Beim Lesen im Bett trainiere ich gleichzeitig noch meine Arme, die das dicke Buch halten müssen. Aber ob ich hinterher wirklich schlauer bin? Ich glaube, eines weiß ich jetzt schon:

Bei vielen, wenn nicht den meisten Kriegen kann man hinterher nicht mehr so ganz genau sagen, warum sie angefangen haben. Viele Ursachen kommen zusammen: Gegenseitige Drohungen, eine immer aggressiver werdende Stimmung und dann irgendwann ein erster Angriff oder eben eine symbolische Aktion wie der Prager Fenstersturz.
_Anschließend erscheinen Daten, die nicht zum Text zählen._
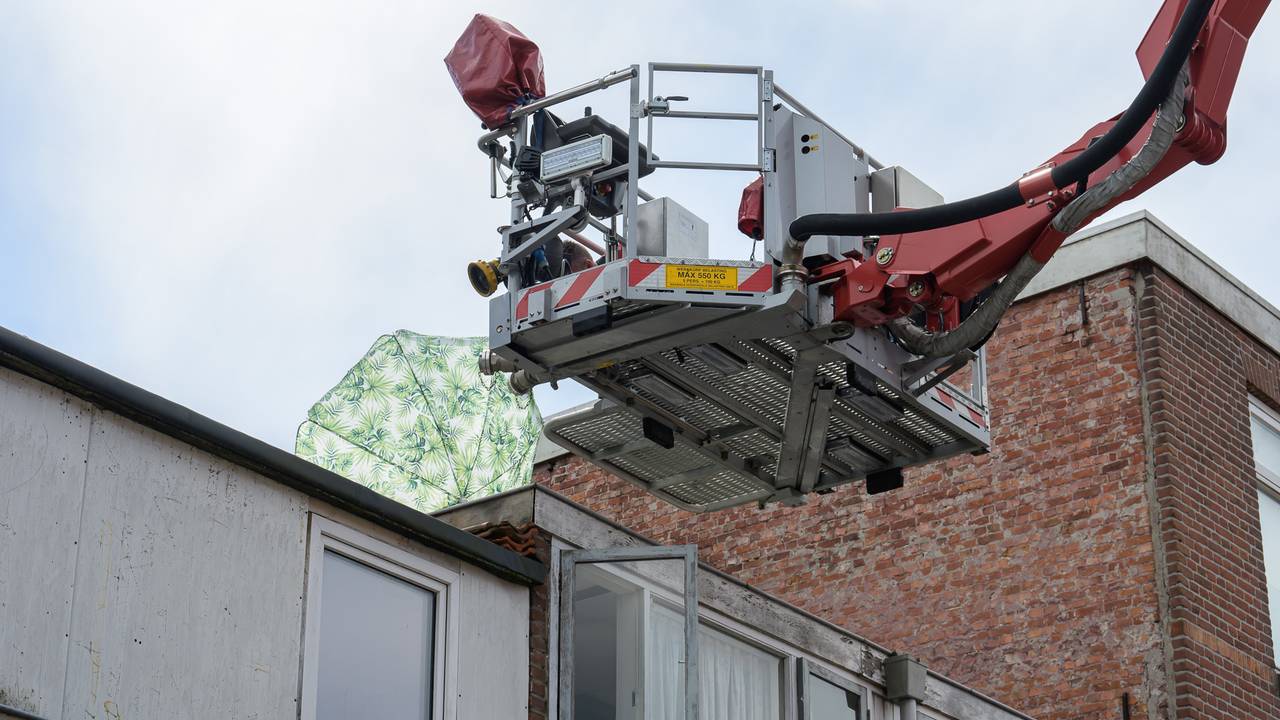 De brandweer haalt een parasol van het dak van een huis in Breda (foto: Tom van der Put/SQ Vision).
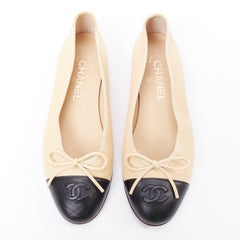 CHANEL cream black leather CC logo two tone monochrome toe cap flats EU37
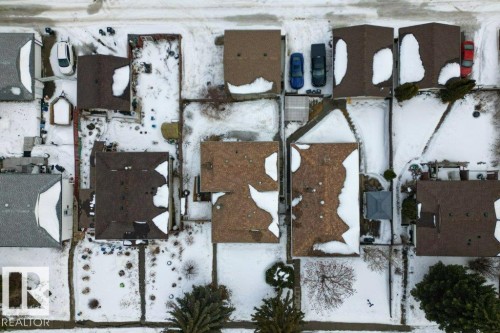 Aerial view of the property and its surrounding neighborhood, featuring residential homes with shingled roofs - 2655 89 Street, Edmonton, AB - Outdoor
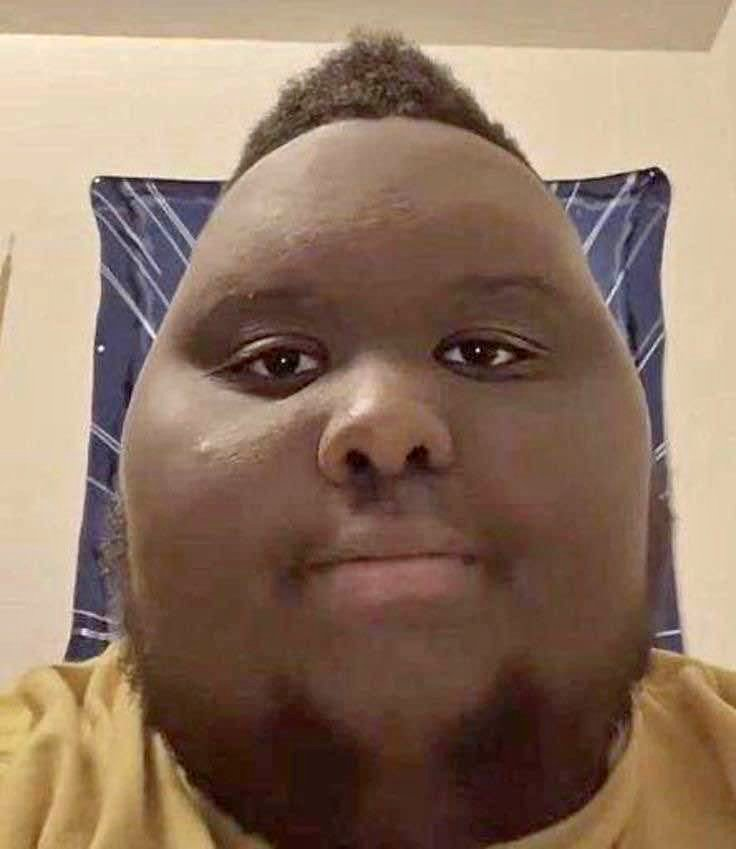 A black guy who looks like an egg.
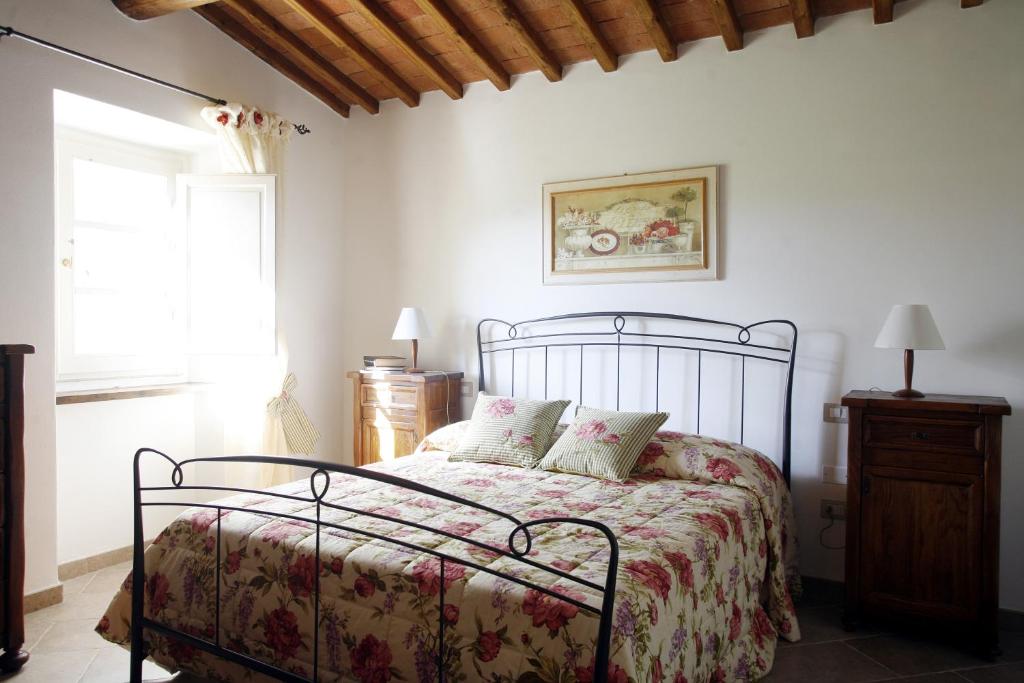 Posteľ alebo postele v izbe v ubytovaní Villa Pian De Noci - Tenuta del Palagio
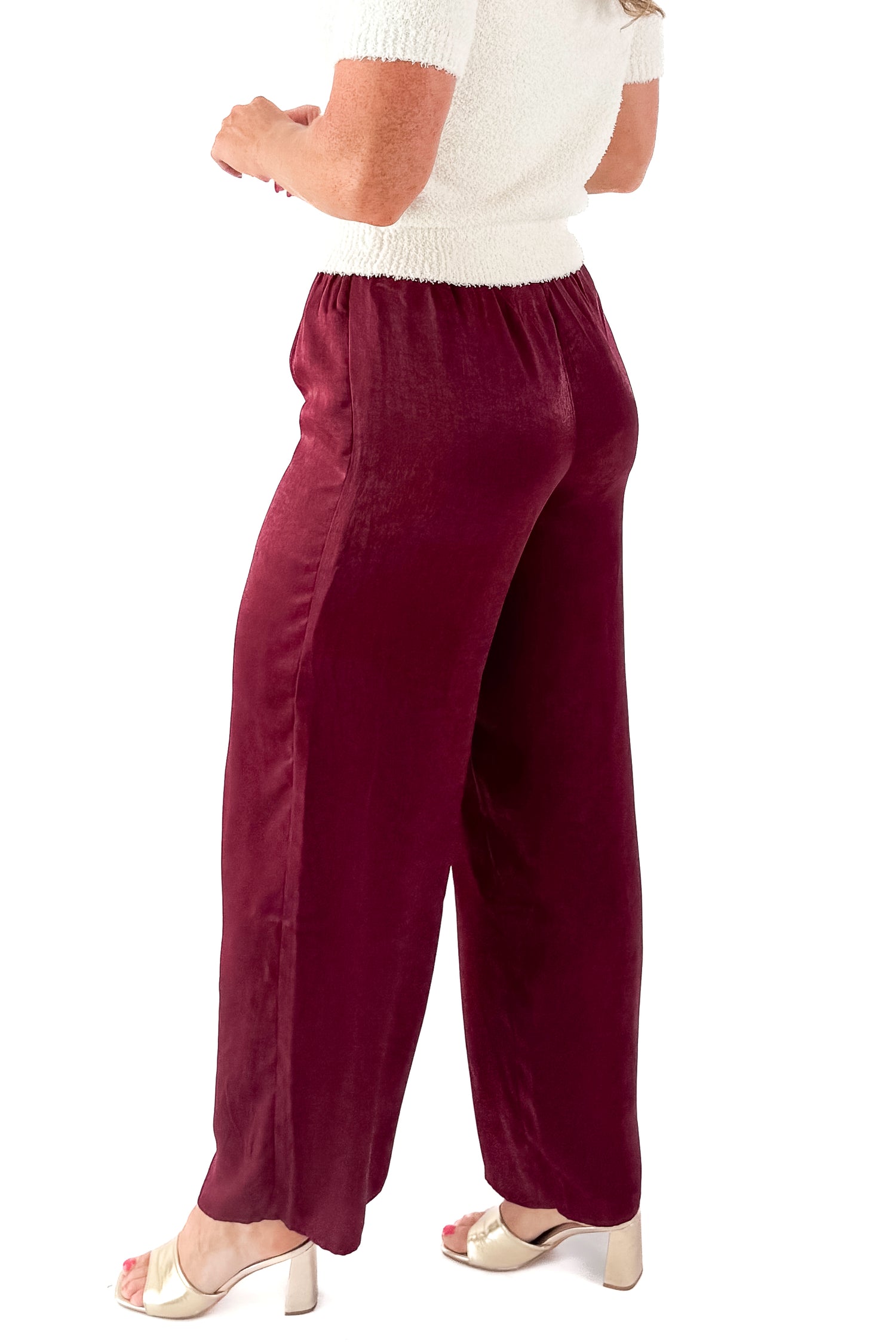 Side view of woman wearing cream sweater and Wine Satin Wide Leg Pants against white studio background.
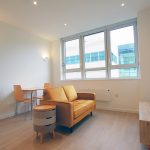 Modern furnished living room with large windows.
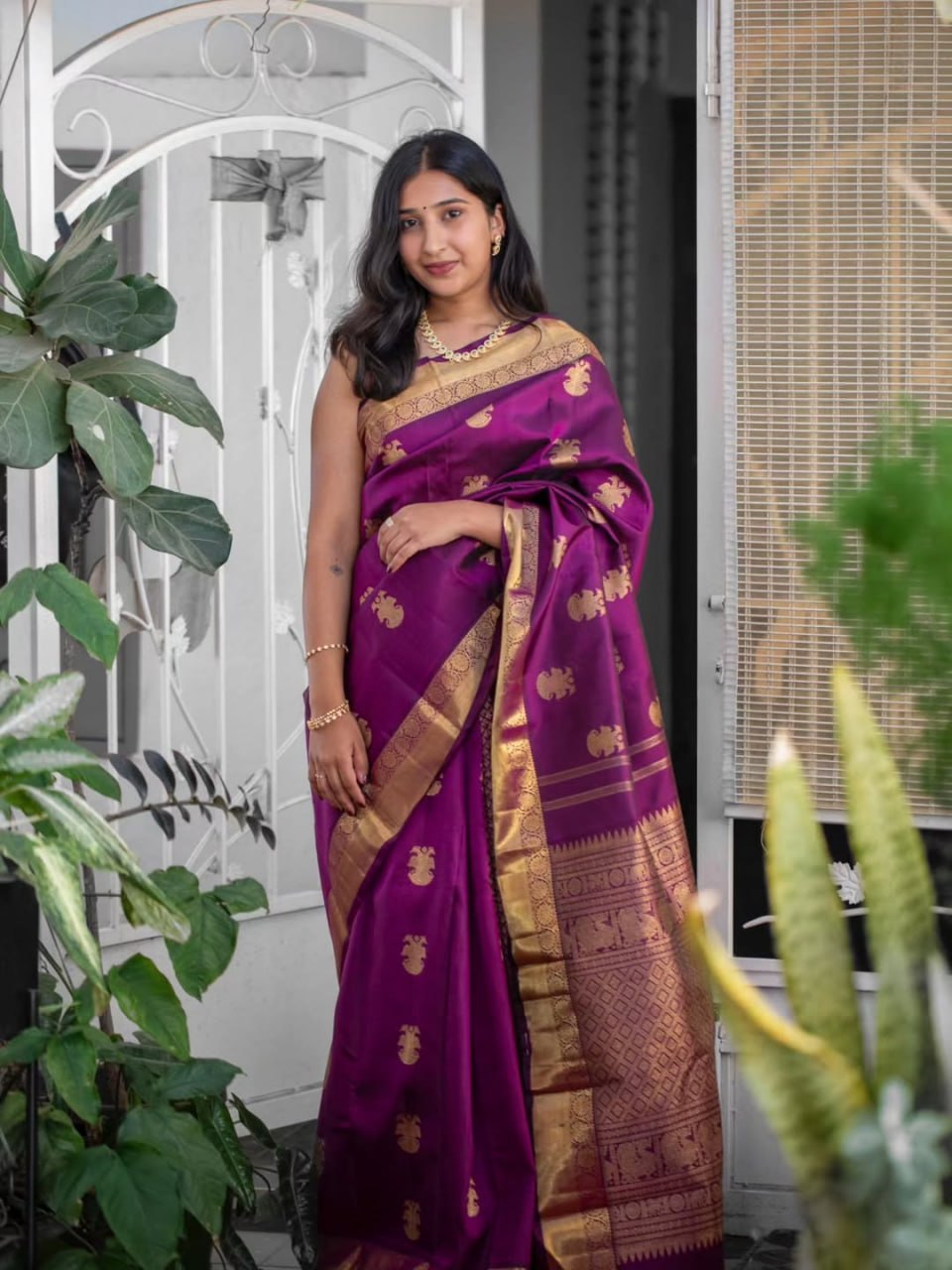 Purple Saree with Golden Peacock Motifs
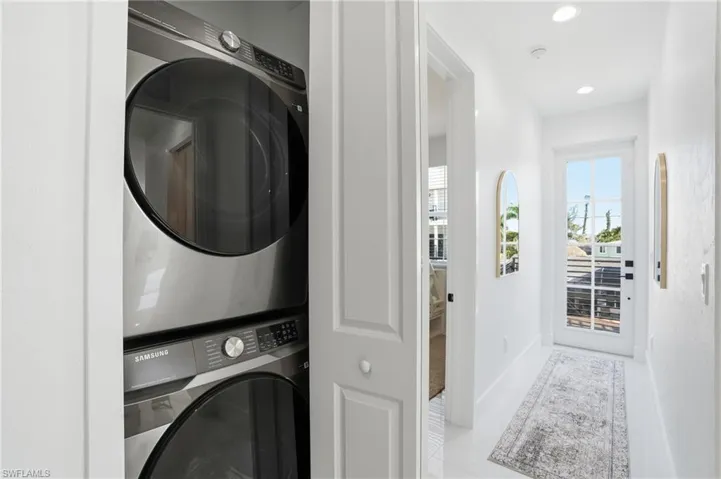 Laundry area featuring stacked washing machine and dryer and recessed lighting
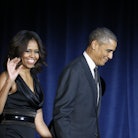 US President Barack Obama and First Lady Michelle Obama arrive for the "In Performance at the White ...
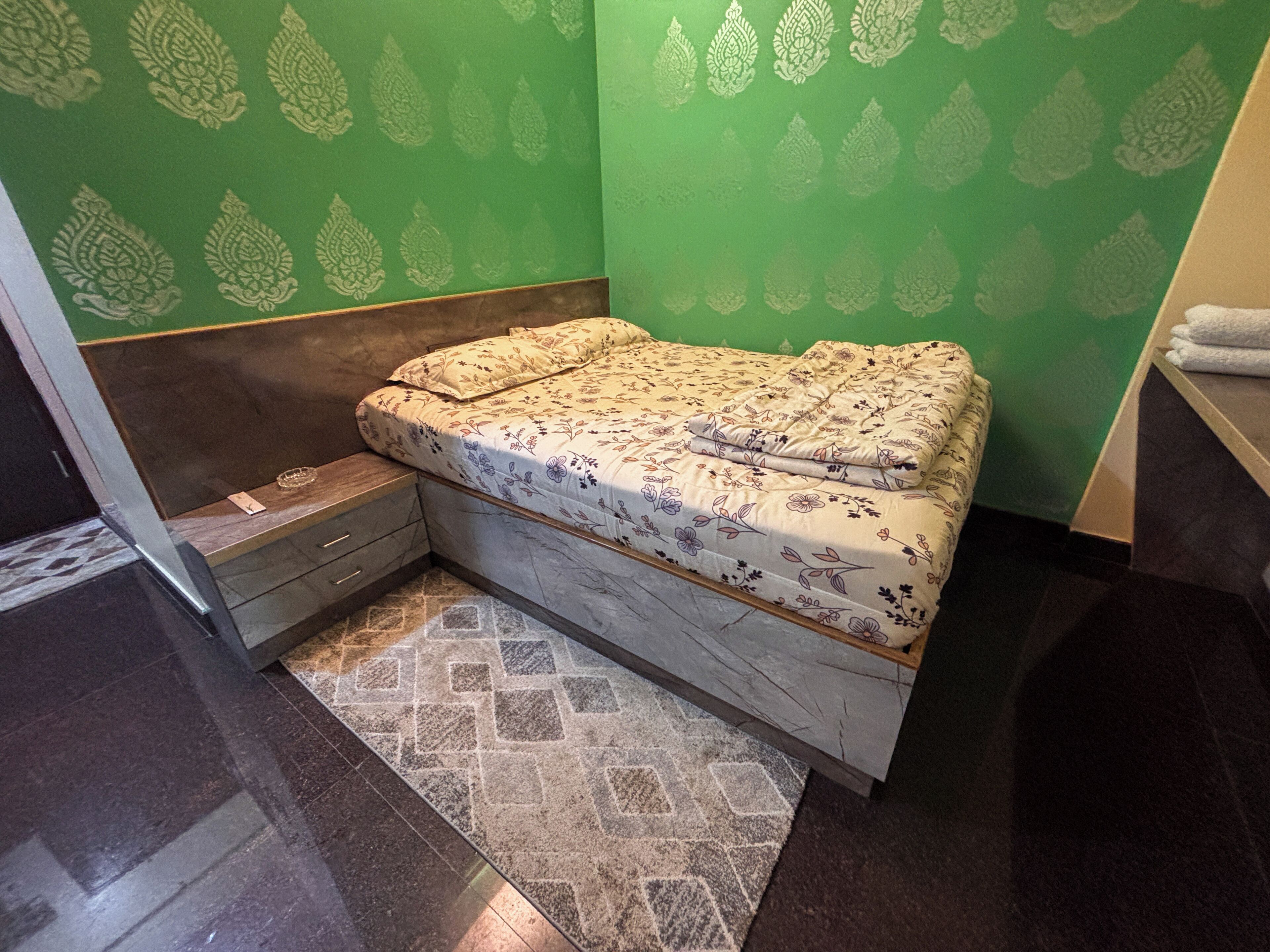 Una habitación pequeña y funcional con una cama, una mesita de noche y una pequeña mesa.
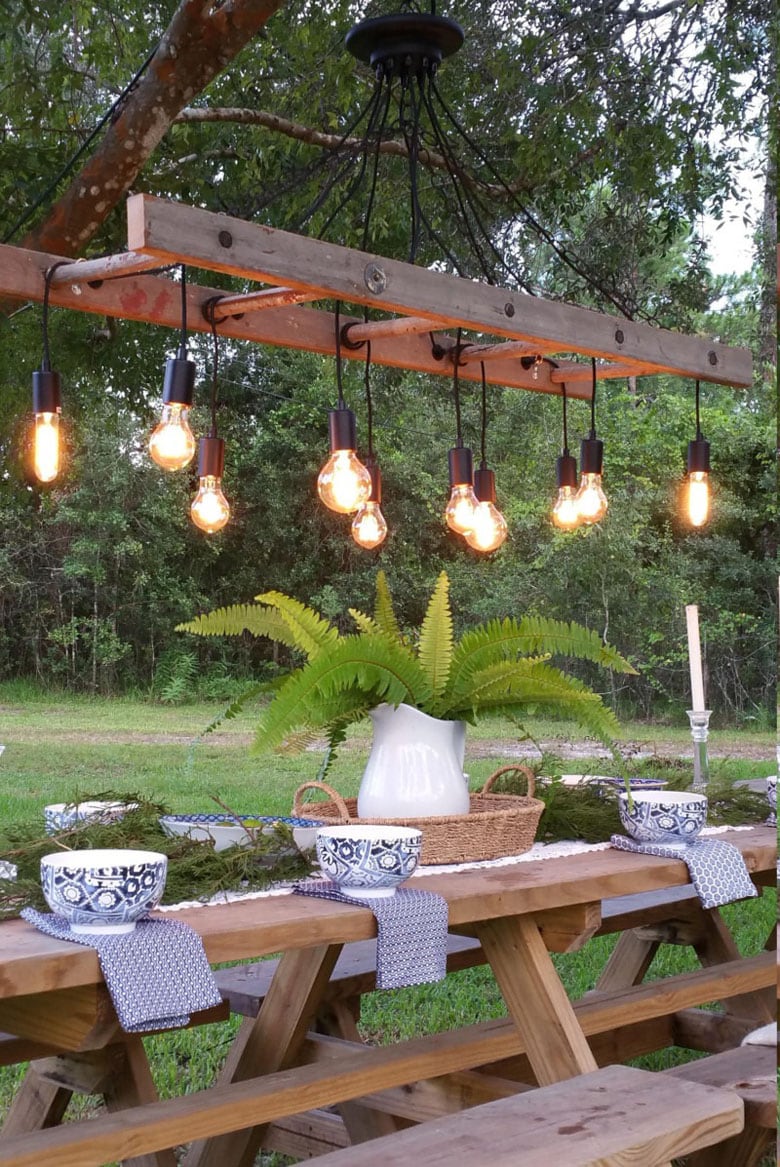 edison bulbs hanging from ladder chandelier outside above dining table with bowls and napkins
Denen, die damals aus dem Fenster geworfen wurden, ist übrigens nicht Schlimmes passiert.

Manches, was ich aus dem Geschichtsunterricht weiß, erinnert mich in unguter Weise an unsere politische Situation in der Welt: gegenseitige Drohungen, heute ganz schnell und bequem über Twitter, eine aggressiver werdende Stimmung. Und sicher ginge es beim Auslösen eines militärischen Einsatzes heute nicht so glimpflich ab wie damals in Prag. Ich mache mir Sorgen, dass später einmal in Geschichtsbüchern über das Jahr 2018 etwas Ähnliches steht wie in meinem Buch über das Jahr 1618.

 

Wenn ich merke, dass mir die Arme lahm werden und das Herz verzagt von diesem tausendseitigen Buch über den Krieg, dann lege ich es weg. Denn da ist noch ein anderes Buch auf meinem Nachttisch: Die Bibel. Die kann ich an vielen Stellen aufschlagen und finde immer den gleichen großen Wunsch: Dass die Menschen überhaupt verlernen, Krieg zu führen, steht darin. Und das Bild von den Schwertern, die zu Pflugscharen werden, damit aus Feldern nie mehr Schlachtfelder werden. Die Vision von Frieden und Sicherheit für alle Menschen. Gewaltverzicht und sogar Feindesliebe, wie Jesus von Nazareth sie lehrt. Ja, ich weiß, viele sagen: Damit kann man doch keine Politik machen. Doch was passiert denn, wenn man nach anderen Maßstäben Politik macht? Bücher über Kriege gibt es weiß Gott genug. Ich möchte keine neuen mehr lesen müssen.